*The problem*
Using the entries below, restate word for word only the lines from the one with "Uniforst Forstanhänger 12.49 - Лесной прицеп: фото 2 Uniforst" to the final line, leaving the pictures out.

[Short text fragments from websites]
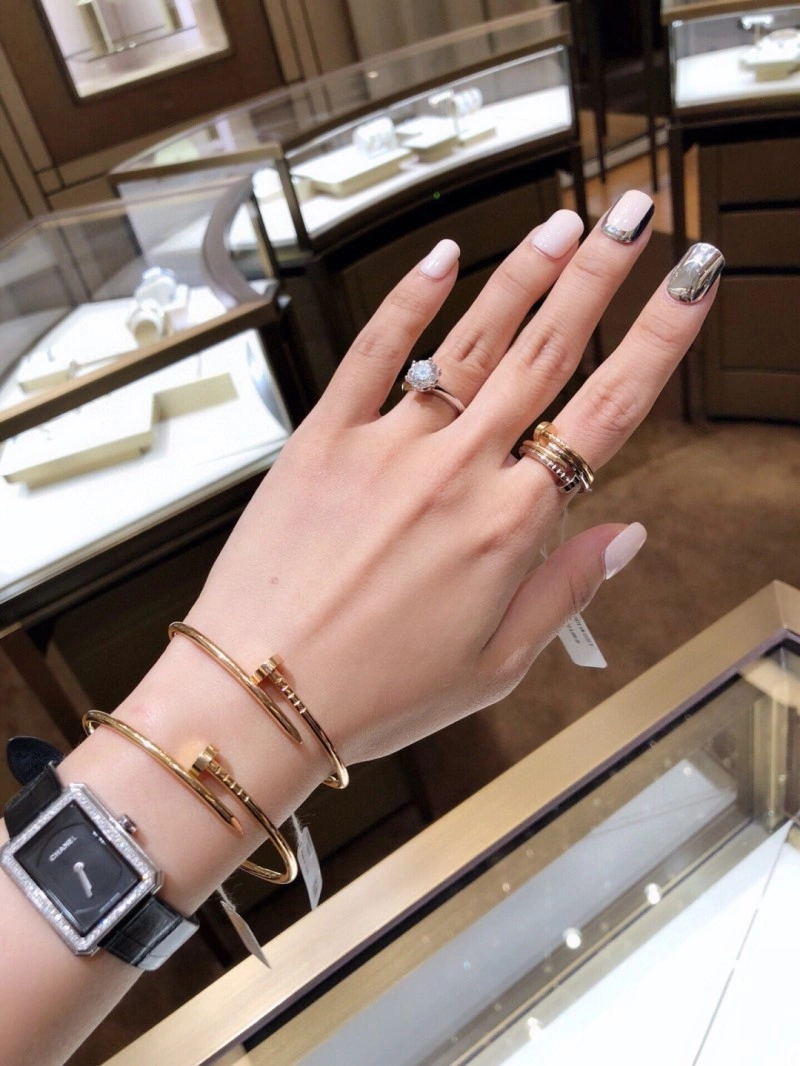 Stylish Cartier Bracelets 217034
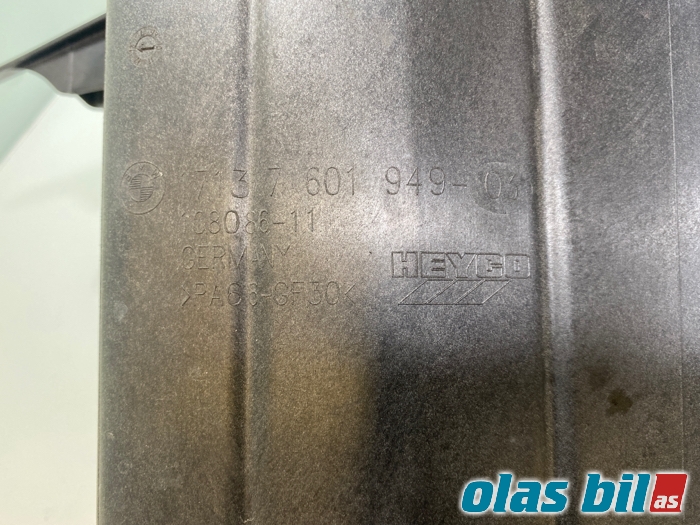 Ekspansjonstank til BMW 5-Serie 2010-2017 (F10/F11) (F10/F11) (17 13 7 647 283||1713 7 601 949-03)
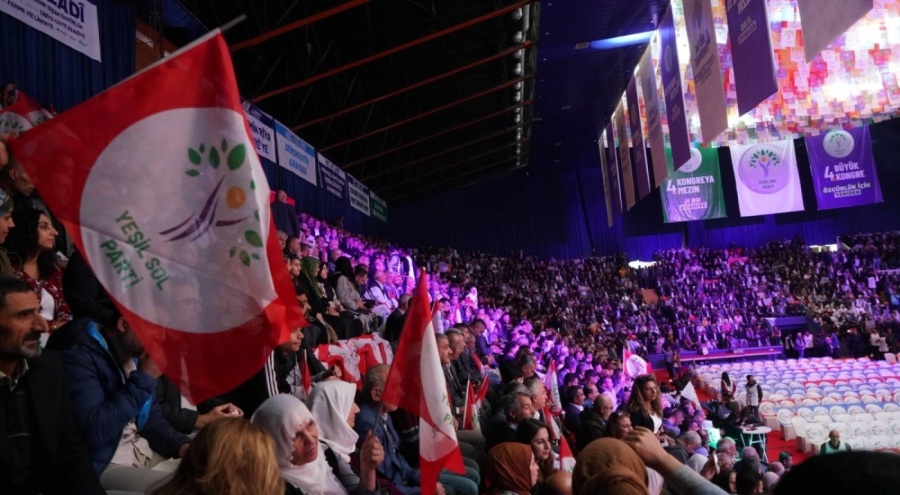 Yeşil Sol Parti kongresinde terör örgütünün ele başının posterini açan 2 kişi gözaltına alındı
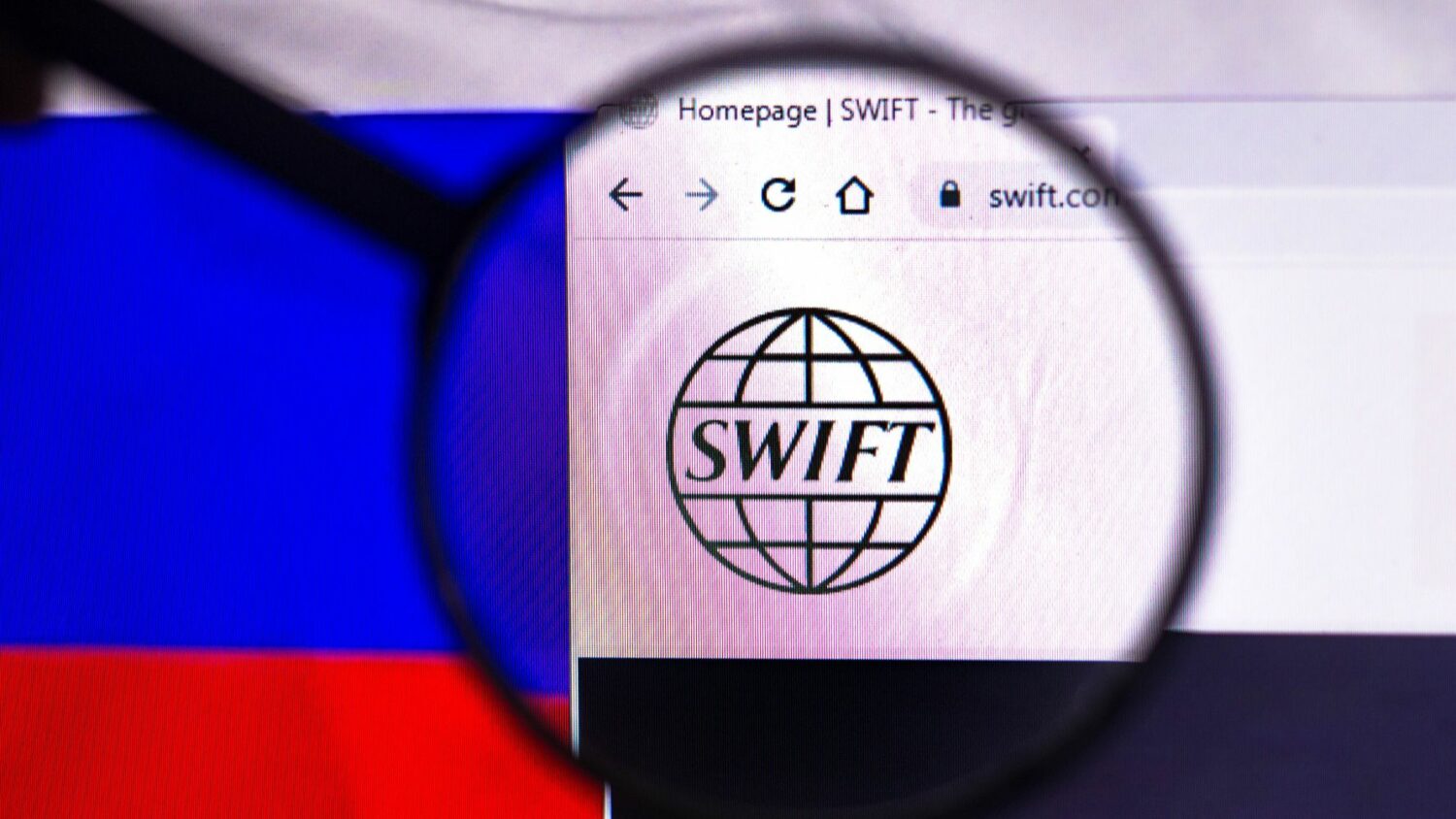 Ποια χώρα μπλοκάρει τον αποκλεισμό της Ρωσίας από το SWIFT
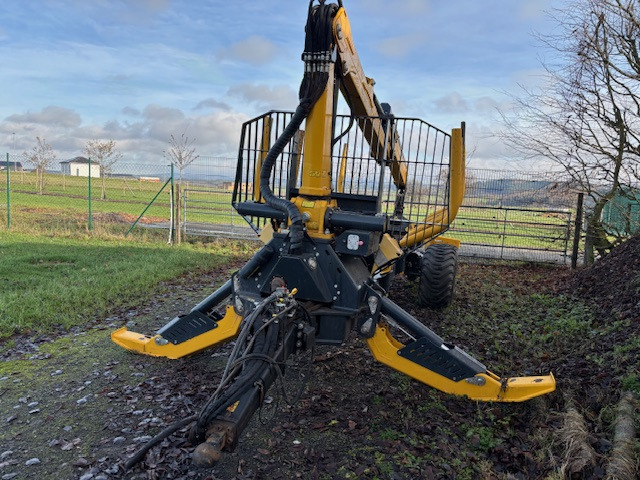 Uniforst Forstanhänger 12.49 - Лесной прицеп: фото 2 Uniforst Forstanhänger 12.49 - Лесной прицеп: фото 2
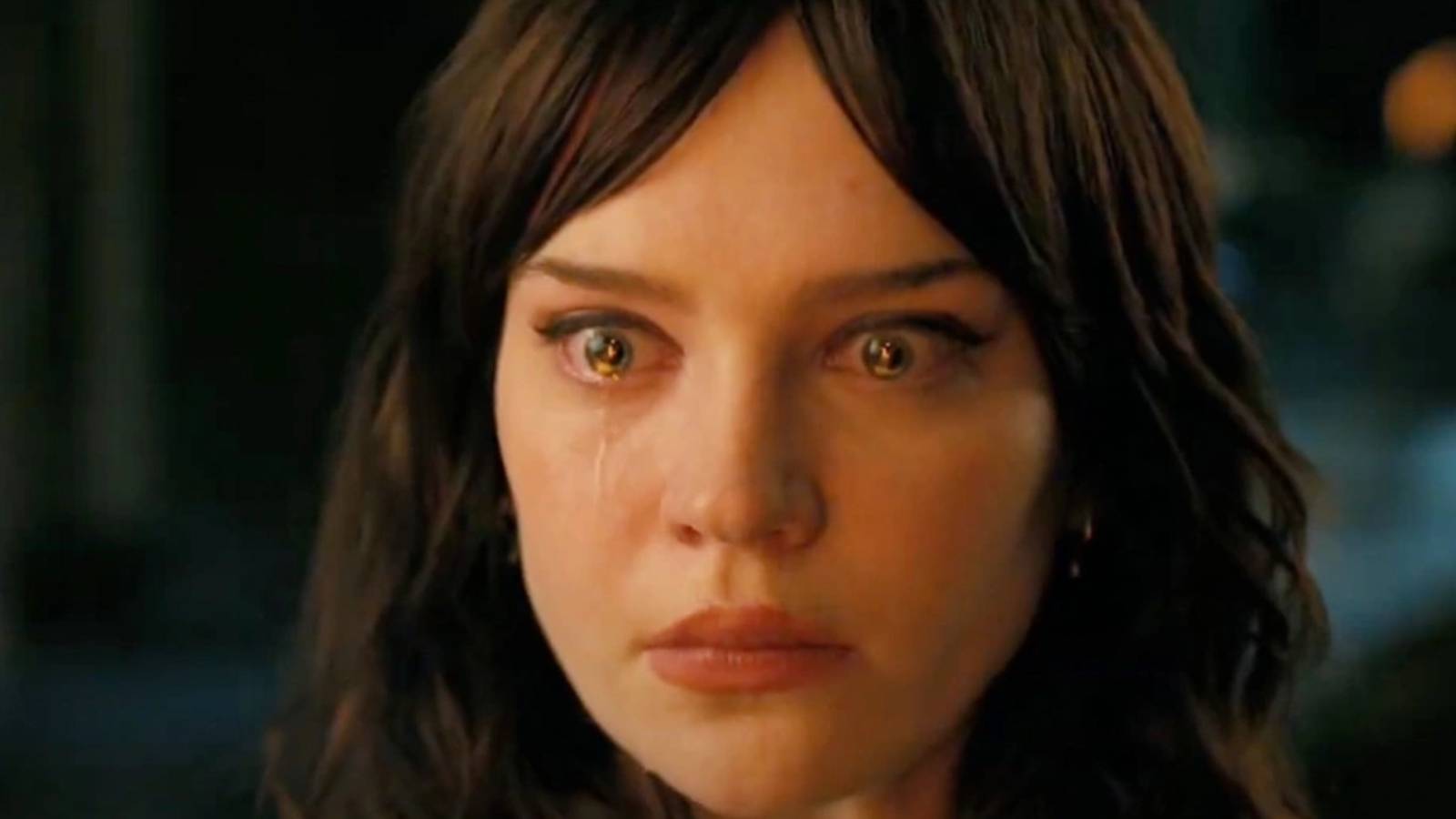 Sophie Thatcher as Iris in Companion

*Expected answer*
 Uniforst Forstanhänger 12.49 - Лесной прицеп: фото 2 Uniforst Forstanhänger 12.49 - Лесной прицеп: фото 2
 Sophie Thatcher as Iris in Companion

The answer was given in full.